# Lecture 1.1
This document: https://hackmd.io/@coderefinery/TTT4HPC-Lecture-1-1
Schedule:
Intro (5 min)
Slurm basics (10 min)
Number of cores (15 min)
Memory (15 min)
Buffer/Q&A (5 min)
After lunch: exercises
# Lecture 1.1
**Learning outcomes**
- Can check what resources their HPC job uses and request appropriate resources
- Understands the meaning of different resource types
- Can anticipate load on the file system and store files in an appropriate format
## Slurm basics
**What is Slurm?**
- provides a framework for starting, executing, and monitoring jobs on the compute nodes
- schedules the jobs on the clusters
- allocates the required resources (compute cores or nodes, memory)

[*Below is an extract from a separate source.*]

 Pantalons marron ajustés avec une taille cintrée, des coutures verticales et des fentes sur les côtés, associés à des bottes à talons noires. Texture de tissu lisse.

- free, open source, lightweight -> popular
- available at most supercomputing centra
- https://slurm.schedmd.com
**How to submit a job to the Slurm manager?**
`sbatch <job script>`
Example: `sbatch job_script.sh`. The job script contains the details of the simulation to be performed and the resources to be allocated for it.
### SBATCH flags
-A <project>
-p <partition>
`-t <max walltime>`
Maximum wall time for the job. The general format is `-t days-hours:minutes:seconds`.
- while testing new software or inputs, use a short time limit, 10 min - 1h.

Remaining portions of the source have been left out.